USA - The Loss of the Telephone Landline

Arno Froese

According to the federal government, the majority of American homes now use cellphones exclusively. “We don’t even have a landline anymore,” people began to say proudly as the new millennium progressed. But this came with a quieter, secondary loss—the loss of the shared social space of the family landline.

“The shared family phone served as an anchor for home,” says Luke Fernandez, a visiting computer-science professor at Weber State University and a co-author of Bored, Lonely, Angry, Stupid: Feelings About Technology, From the Telegraph to Twitter. “Home is where you could be reached, and where you needed to go to pick up your messages.” With smartphones, Fernandez says, “we have gained mobility and privacy.

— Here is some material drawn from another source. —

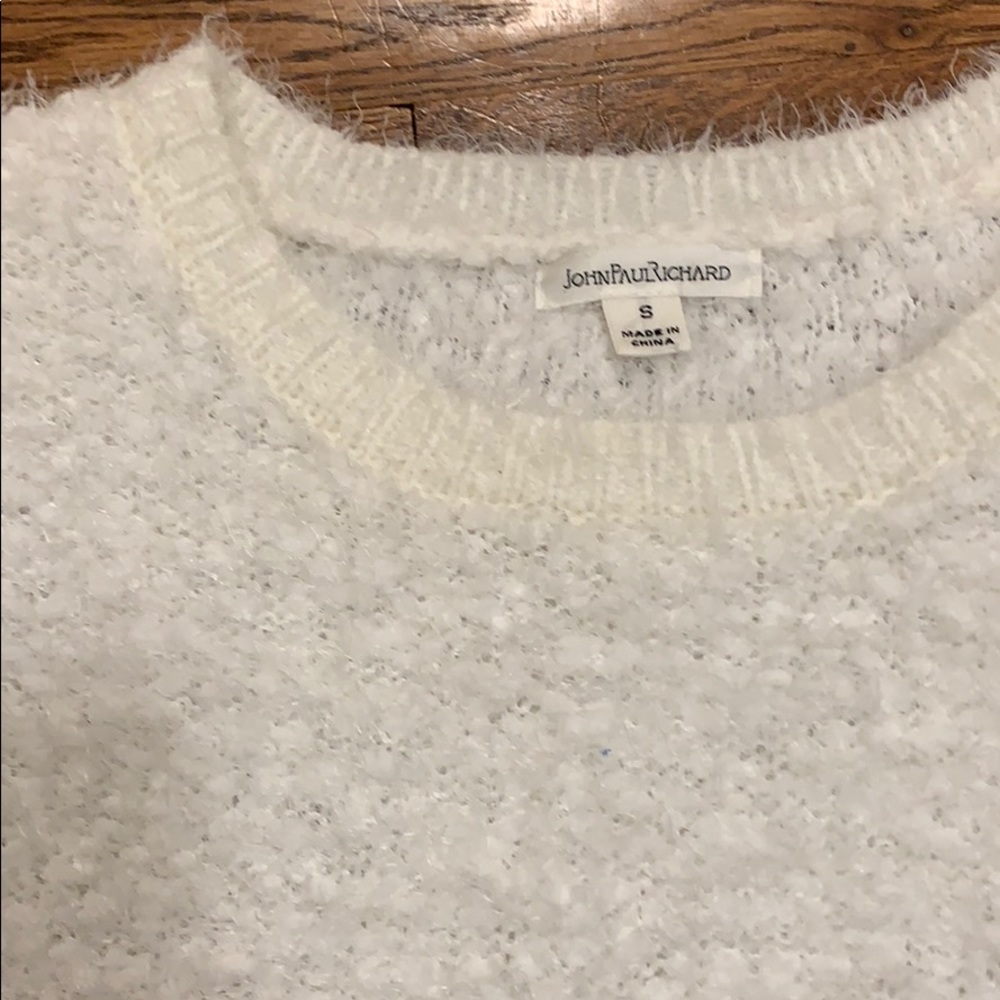 Sweater - Picture 3 of 4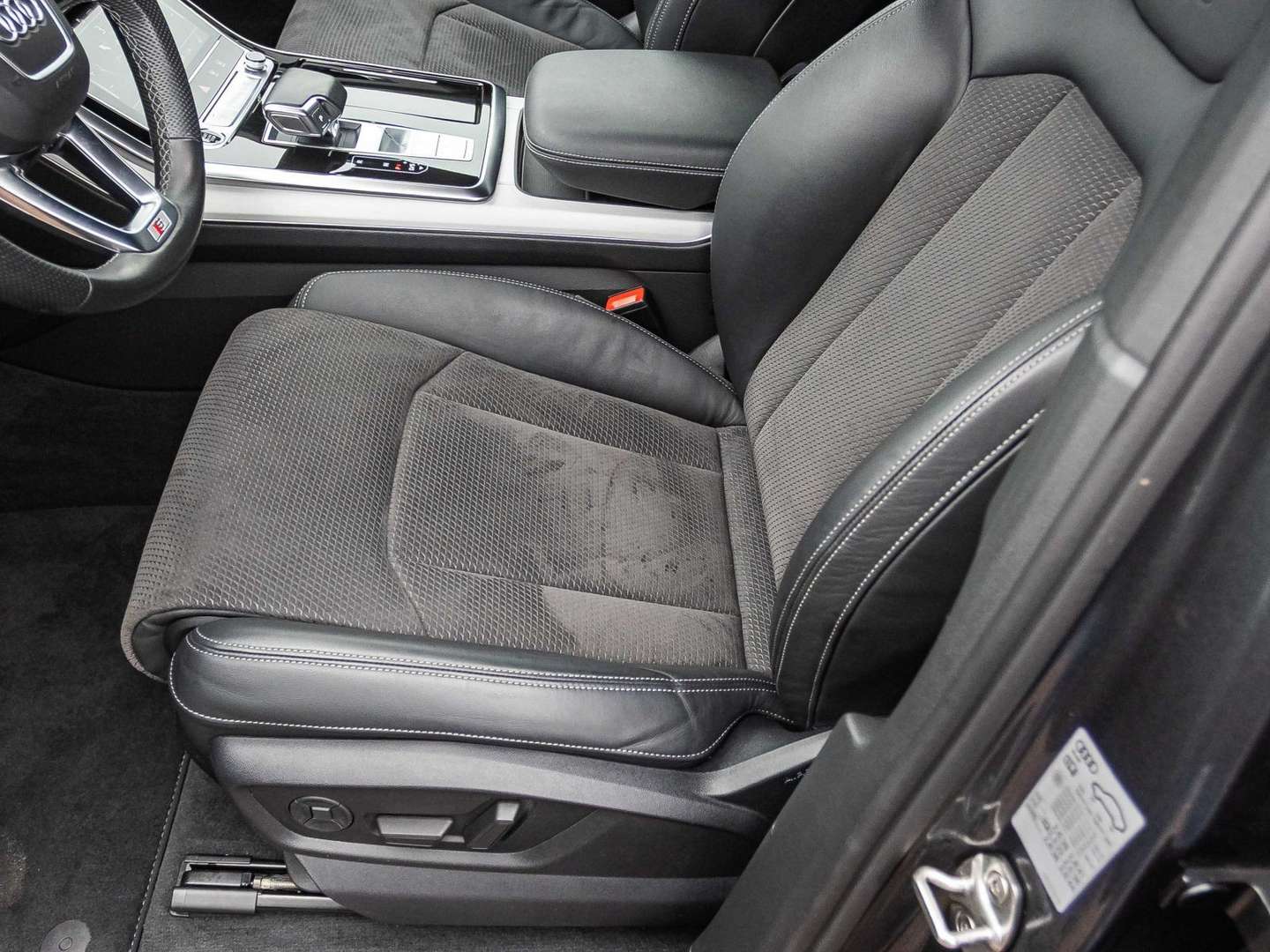 Audi Q7 S Line 55 TFSI E - 2021 - Joinsteer - #10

But the value of the home has been diminished, as has its capacity to guide and monitor family behavior and perhaps bind families more closely together.”

Cellphones, which came on the market in the ’80s and gained popularity in the ’90s, rendered all of this obsolete as they displaced landlines. When kids today call “home,” they may actually be calling one parent and bypassing the other; friends and bosses and telemarketers (if they get through) usually reach exactly the person they are hoping to speak with. Who will be on the other end of the line is no longer a mystery.

What’s more, the calls, texts, and emails that pass through cellphones (and computers and tablets) can now be kept private from family members. “It keeps everybody separate in their own little techno-cocoons,” says Larry Rosen, a retired psychology professor at California State University at Dominguez Hills.

These days, this dynamic is also often reversed. A shared family phone meant that kids overheard some of their parents’ conversations, providing a window into their relationships, but today, children frequently see a parent silently staring at a screen, fingers tapping, occasionally furrowing a brow or chuckling. “Sometimes there are people that I’ve never even heard of that you’re texting,” my 11-year old once told me. Sherry Turkle, a professor at MIT and the author of Reclaiming Conversation: The Power of Talk in a Digital Age, has described this as “the new silences of family life.”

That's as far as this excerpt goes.